**What this task involves:** Apart from the pictures, write out the records that follow exactly.

**Input data:**
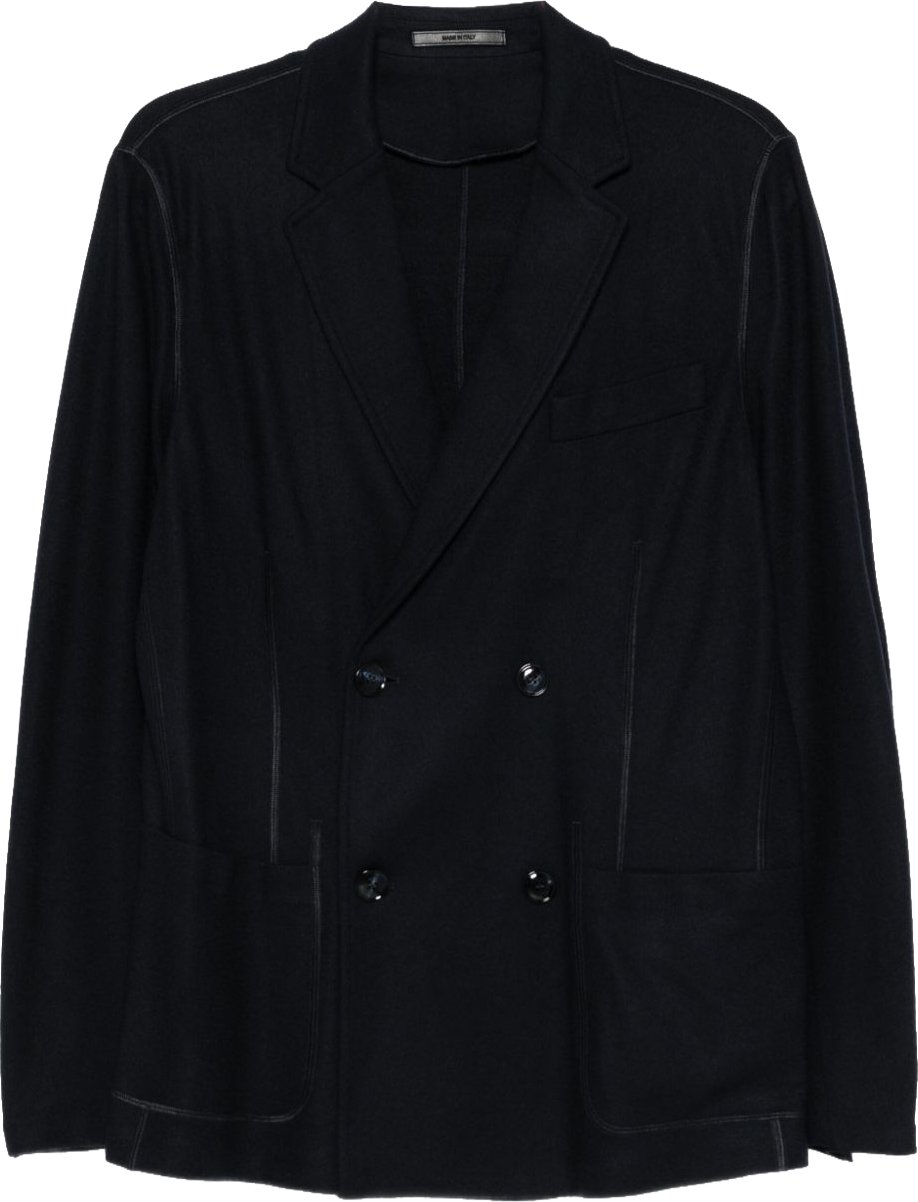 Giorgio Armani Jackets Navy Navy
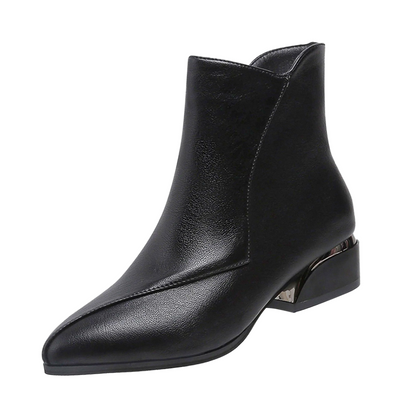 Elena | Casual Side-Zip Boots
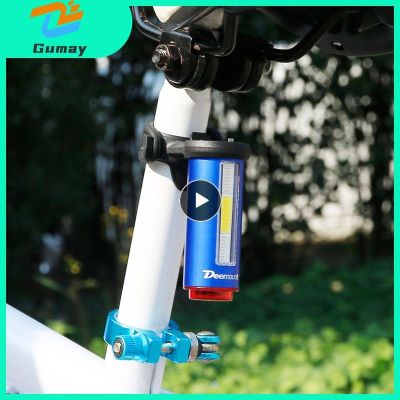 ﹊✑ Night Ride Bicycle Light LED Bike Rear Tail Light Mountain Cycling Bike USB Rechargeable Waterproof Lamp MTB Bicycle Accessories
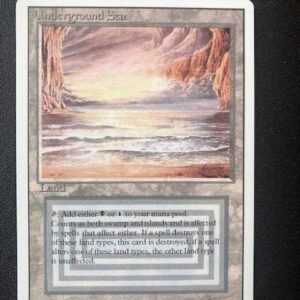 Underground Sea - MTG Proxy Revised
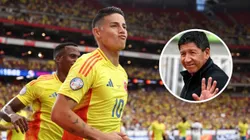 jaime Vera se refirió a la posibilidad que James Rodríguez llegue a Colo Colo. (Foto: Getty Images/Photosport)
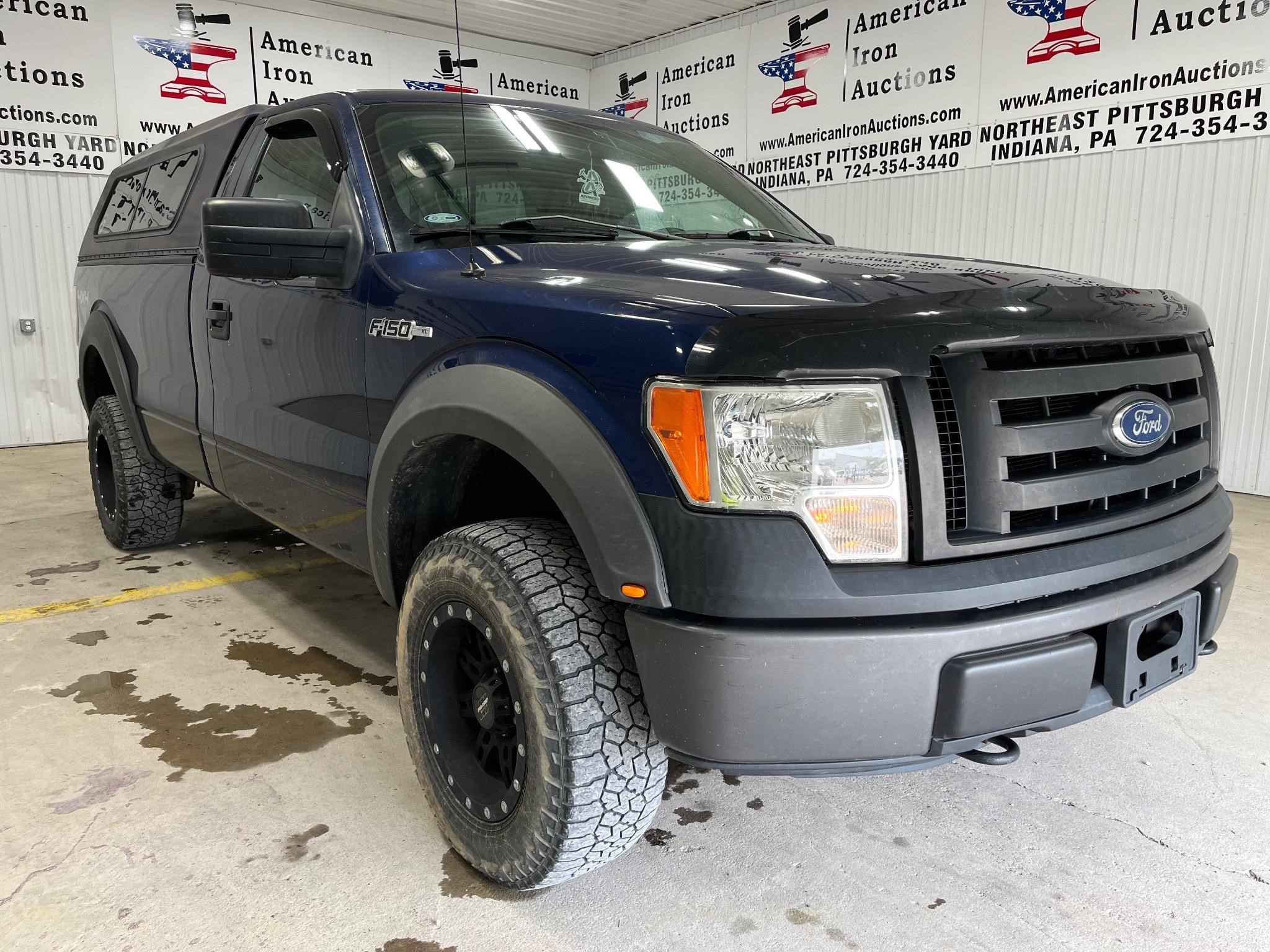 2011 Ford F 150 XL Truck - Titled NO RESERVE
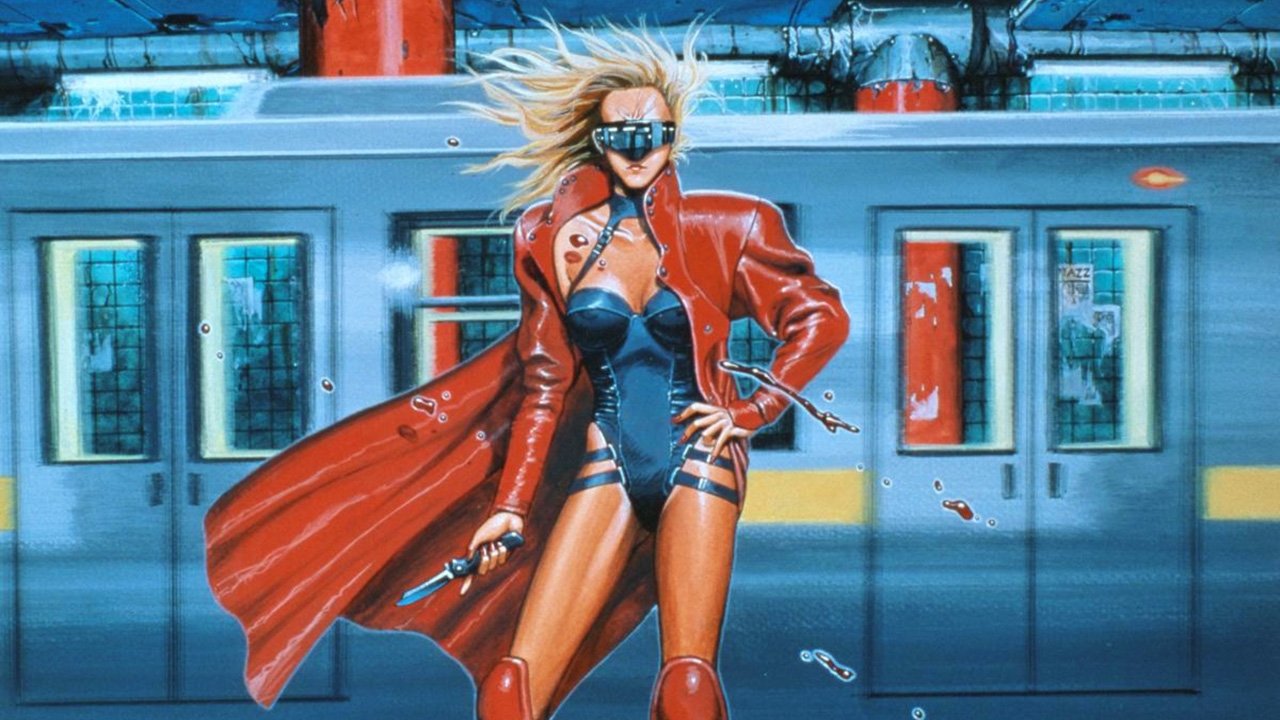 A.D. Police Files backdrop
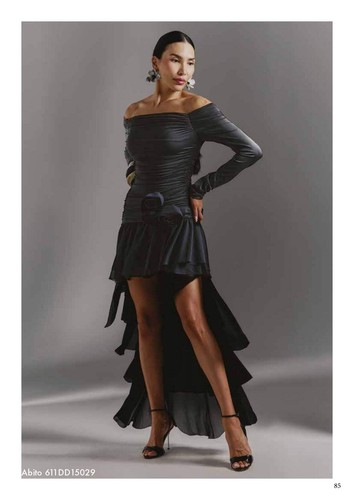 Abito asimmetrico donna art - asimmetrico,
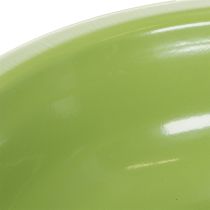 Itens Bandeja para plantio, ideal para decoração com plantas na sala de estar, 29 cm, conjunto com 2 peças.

**Expected answer:**
 Giorgio Armani Jackets Navy Navy
 Elena | Casual Side-Zip Boots
 ﹊✑ Night Ride Bicycle Light LED Bike Rear Tail Light Mountain Cycling Bike USB Rechargeable Waterproof Lamp MTB Bicycle Accessories
 Underground Sea - MTG Proxy Revised
 jaime Vera se refirió a la posibilidad que James Rodríguez llegue a Colo Colo. (Foto: Getty Images/Photosport)
 2011 Ford F 150 XL Truck - Titled NO RESERVE
 A.D. Police Files backdrop
 Abito asimmetrico donna art - asimmetrico,
 Itens Bandeja para plantio, ideal para decoração com plantas na sala de estar, 29 cm, conjunto com 2 peças.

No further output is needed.